Document Sub-structure in Neural Machine Translation
This addresses the issue of context modeling in machine translation for documents with predictable structures like biographies, though it is incremental as it adapts existing statistical MT ideas to neural MT.
The paper tackled the problem of neural machine translation ignoring document sub-structure by proposing methods to incorporate section topic information, resulting in improvements such as a 0.5 BLEU point gain for Chinese-English translation.

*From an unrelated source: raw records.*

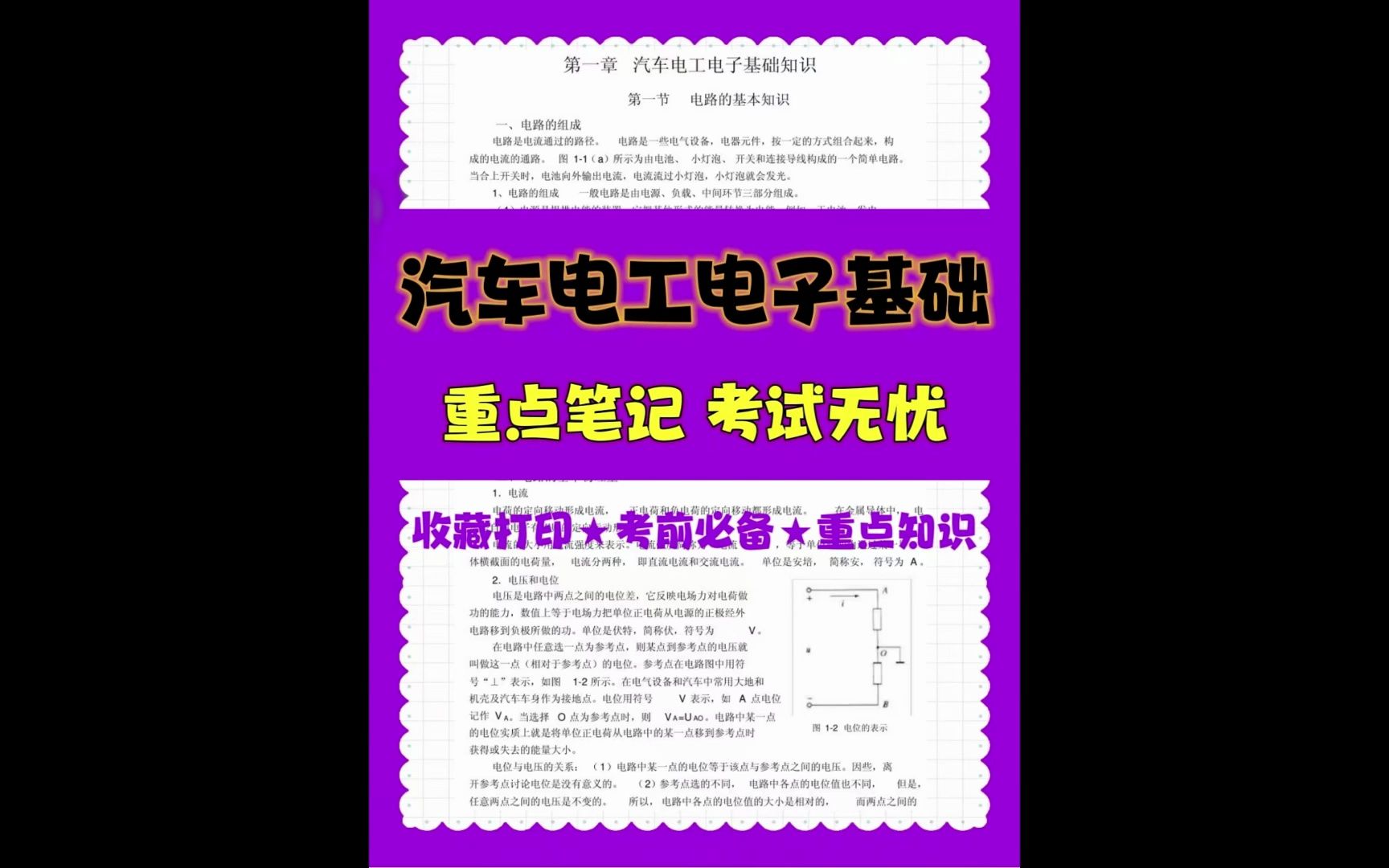 [图]汽车电工电子基础知识点❗救命笔记🔥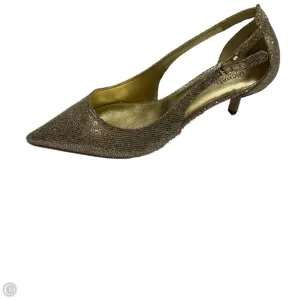 Shoes Designer By Michael By Michael Kors In Gold, Size: 9.5 evening run Look Ready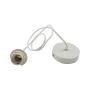Lampenfassung KARIBO mit Kabel, Fassung E-27, Deckenhalterung, 105cm, Ø10cm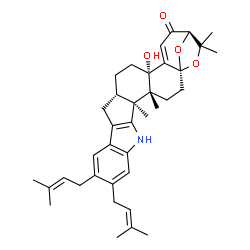 ChemSpider 2D Image | shearinine K | C37H47NO4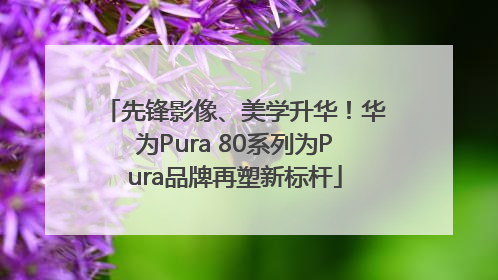 先锋影像、美学升华！华为Pura 80系列为Pura品牌再塑新标杆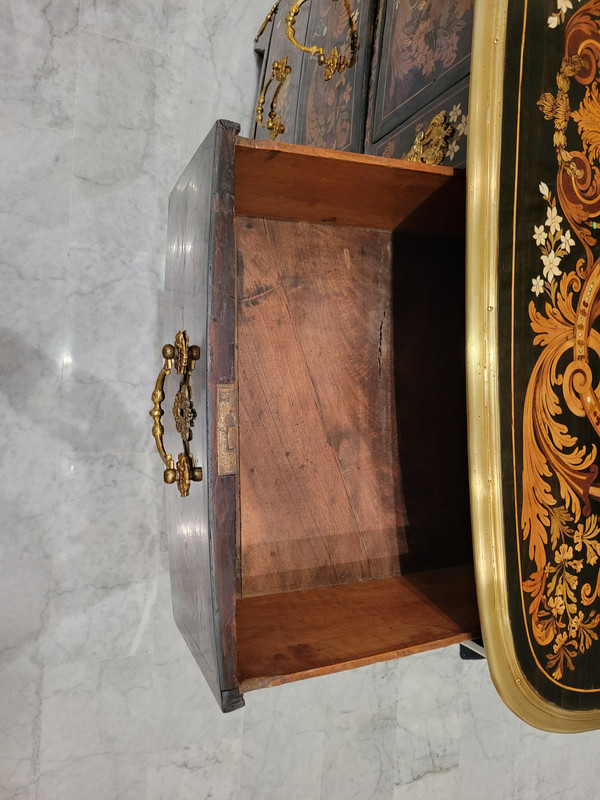 Louis XIV period "Jasmine" chest of drawers attributed to PIERRE GOLE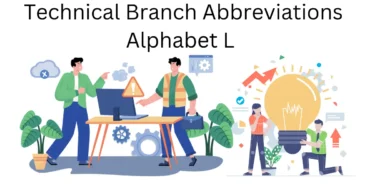 technical branch abbreviations alphabet l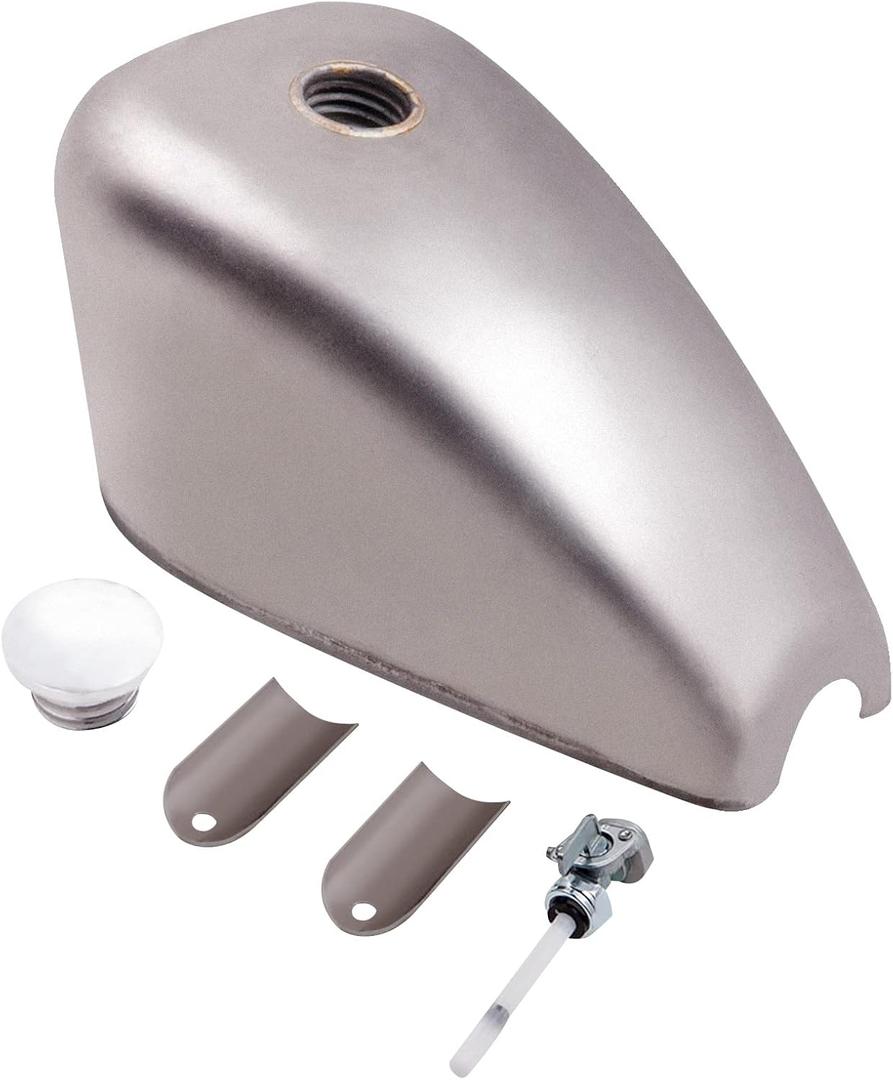 2.4 Gallon Gas Fuel Tank Direct Mount for Harley Sportster Ironhead Bobber 1955-1978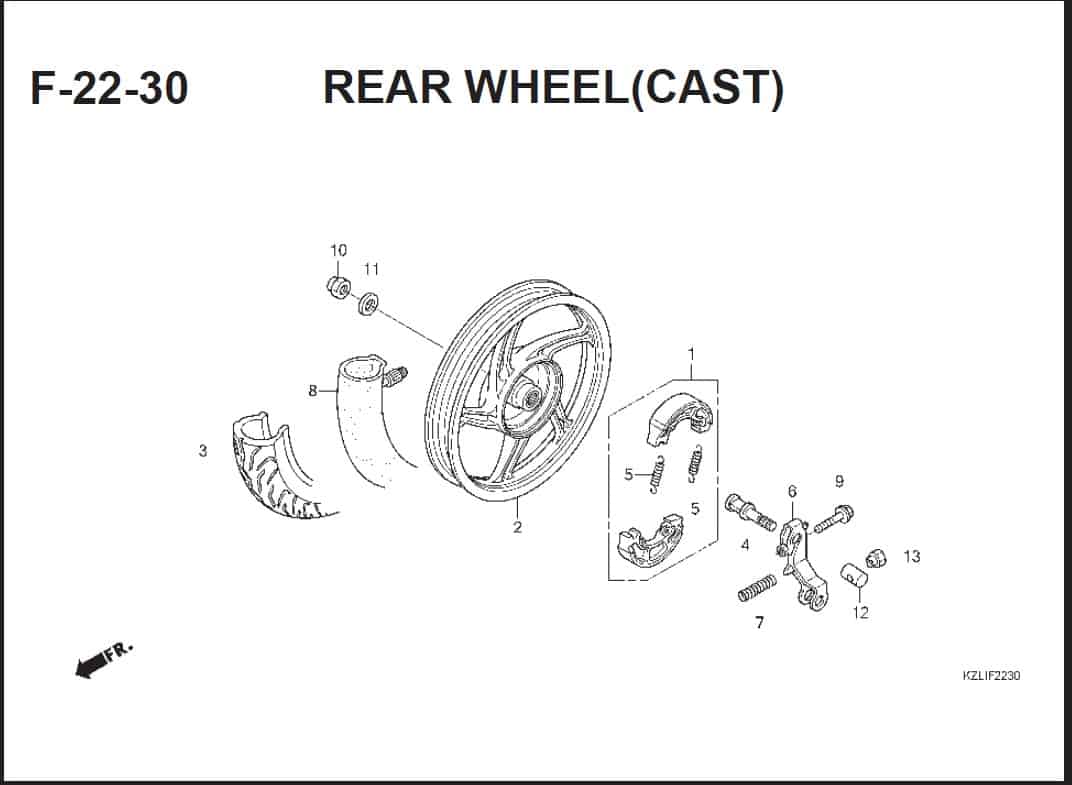 F-22-30 REAR WHEEL(CAST)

Current approaches to machine translation (MT) either translate sentences in isolation, disregarding the context they appear in, or model context at the level of the full document, without a notion of any internal structure the document may have. In this work we consider the fact that documents are rarely homogeneous blocks of text, but rather consist of parts covering different topics. Some documents, such as biographies and encyclopedia entries, have highly predictable, regular structures in which sections are characterised by different topics. We draw inspiration from Louis and Webber (2014) who use this information to improve statistical MT and transfer their proposal into the framework of neural MT. We compare two different methods of including information about the topic of the section within which each sentence is found: one using side constraints and the other using a cache-based model. We create and release the data on which we run our experiments - parallel corpora for three language pairs (Chinese-English, French-English, Bulgarian-English) from Wikipedia biographies, which we extract automatically, preserving the boundaries of sections within the articles.